O presidente da Venntel, Chris Gildea, disse: “Não podemos dar declarações em nome de nossos clientes. Quaisquer perguntas sobre este contrato devem ser encaminhadas ao DHS.”
O site da empresa diz que ela “apoia nossos interesses nacionais por meio de inovação tecnológica, confiabilidade de dados e resultados comprovados”. Diz ainda que a Venntel presta serviços de inteligência para a defesa e a segurança nacional.
O marketing digital, um setor que movimenta bilhões de dólares, utiliza dados desse tipo para, por exemplo, enviar um anúncio de um restaurante ou loja nas proximidades a um cliente que esteja usando o Facebook no seu celular.

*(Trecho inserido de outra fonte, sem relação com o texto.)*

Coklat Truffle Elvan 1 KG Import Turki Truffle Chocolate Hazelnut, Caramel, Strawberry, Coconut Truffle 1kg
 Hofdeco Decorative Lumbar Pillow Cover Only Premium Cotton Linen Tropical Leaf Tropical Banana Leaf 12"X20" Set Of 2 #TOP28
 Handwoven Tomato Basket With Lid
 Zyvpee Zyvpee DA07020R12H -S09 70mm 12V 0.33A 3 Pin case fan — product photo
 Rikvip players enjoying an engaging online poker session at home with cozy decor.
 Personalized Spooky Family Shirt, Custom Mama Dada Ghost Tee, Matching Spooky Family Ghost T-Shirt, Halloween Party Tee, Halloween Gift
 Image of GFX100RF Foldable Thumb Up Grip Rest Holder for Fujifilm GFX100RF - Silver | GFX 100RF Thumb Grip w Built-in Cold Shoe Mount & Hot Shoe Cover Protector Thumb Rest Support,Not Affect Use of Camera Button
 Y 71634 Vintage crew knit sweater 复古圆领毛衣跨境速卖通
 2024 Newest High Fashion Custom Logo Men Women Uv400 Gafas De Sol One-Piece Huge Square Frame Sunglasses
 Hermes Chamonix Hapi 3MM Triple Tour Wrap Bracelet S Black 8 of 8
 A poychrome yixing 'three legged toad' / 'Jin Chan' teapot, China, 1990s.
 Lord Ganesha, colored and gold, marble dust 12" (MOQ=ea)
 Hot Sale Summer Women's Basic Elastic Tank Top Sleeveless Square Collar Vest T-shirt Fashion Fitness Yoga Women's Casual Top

Documentos federais indicam que divisões do DHS, da ICE e da CBP adquiriram licenças para usar o software da Venntel como parte de seus programas analíticos de segurança nas fronteiras e outros esforços policiais. Documentos governamentais separados fazem referência indireta ao uso de dados desse tipo para identificar túneis na fronteira, entre outras coisas.
Os dados são “pseudonimizados” —​ou seja, cada celular é representado por um identificador alfanumérico não ligado ao nome do dono do aparelho. Os usuários de celulares podem mudar seu identificador nas configurações de seu celular ou limitar os aplicativos que têm acesso à sua geolocalização.
Apesar de serem anonimizados, esses dados de localização de celulares podem ser usados para identificar e rastrear indivíduos com base em seu comportamento na vida real, informou o New York Times em dezembro.
Dados de marketing são utilizados amplamente pelo governo para colher inteligência no exterior, dizem pessoas familiarizadas com o assunto. Mas esses contratos frequentemente são sigilosos, de modo que não é possível determinar a extensão da aquisição de tais dados pelas agências de inteligência.
Em 2018 a Suprema Corte emitiu uma decisão histórica no processo Carpenter vs. Estados Unidos, dizendo que a localização geográfica obtida de celulares nos EUA é uma classe de informação que recebe proteção especial por revelar muitas informações sobre os americanos. O Supremo impôs limites à possibilidade de órgãos policiais ou de justiça obterem dados desse tipo diretamente de empresas de telefonia sem passar por supervisão judicial.
Mas o governo federal encontrou uma maneira de passar ao largo da proibição, comprando dados usados por firmas de marketing, em lugar de buscar autorização judicial para cada caso em que quer usar os dados. Como os dados de localização estão disponíveis em várias plataformas comerciais, os advogados do governo aprovaram os programas e concluíram que o veredicto do caso Carpenter não se aplica.
“Neste caso, o governo é um comprador comercial como qualquer outro. O processo Carpenter não vem ao caso”, disse Paul Rosenzweig, ex-funcionário do DHS e hoje membro sênior do think tank conservador e libertário R Street Institute, que promove o livre mercado. “O governo está apenas comprando um dispositivo.”